Maradona wants to fight FIFA 'mafia'
The new exhibit, announced Tuesday by a museum showcasing some of the most brutal and exploitative criminal activity in US history, follows a corruption scandal that has created the worst crisis in FIFA's 111-year history.
The Mob Museum will unveil the display of photographs, news articles, and original narratives called 'The 'Beautiful Game' Turns Ugly', in September.

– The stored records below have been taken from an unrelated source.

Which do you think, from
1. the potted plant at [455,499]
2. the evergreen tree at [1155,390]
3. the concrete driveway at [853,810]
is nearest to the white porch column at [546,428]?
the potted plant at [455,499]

"The Museum's new FIFA exhibit gives a breakdown of the kickbacks, secrecy and match-fixing associated with the scandal," the museum said in a statement. "The display provides an incisive and eye-opening look into the rampant corruption that plagues (FIFA)."
In late May, US prosecutors in New York indicted nine soccer officials, most of whom held or had held FIFA positions, and five sports media and promotions executives in schemes involving $150 million in bribes over a period of 24 years.
Prosecutors said their investigation exposed complex money laundering schemes, millions of dollars in untaxed income and tens of millions of dollars in offshore accounts held by the soccer officials.
The scandal has triggered calls from leading FIFA sponsors as well as labor union and anti-corruption groups that the soccer entity agree to be monitored by a fully independent reform commission.
On Wednesday, Argentine football great Diego Maradona said he wants to fight the 'mafia' responsible for the corruption scandal that has rocked the Zurich-based Federation Internationale de Football Association.
The museum said its exhibit, staged in an area devoted to international organized crime, will provide foreign tourists visiting the Nevada city famed for gambling and show-business an "especially resonant example of the different shapes organized crime can take."
FIFA did not immediately respond to a request for comment on the exhibit.
The Mob Museum, or more formally the National Museum of Organized Crime & Law Enforcement, offers exhibits that piece together the story of organized crime in America and how it came to shape Las Vegas.
Among them is a brick wall that absorbed bullets aimed at seven mobsters in Chicago's infamous 1929 St. Valentine's Day Massacre, Prohibition-era whiskey flasks, Kennedy-era FBI wiretaps, and suits worn by fictional HBO mob boss Tony Soprano.
One section explains the "Web of Deceit" woven by the mob in its heyday, influencing US national elections and Cuba's Fidel Castro.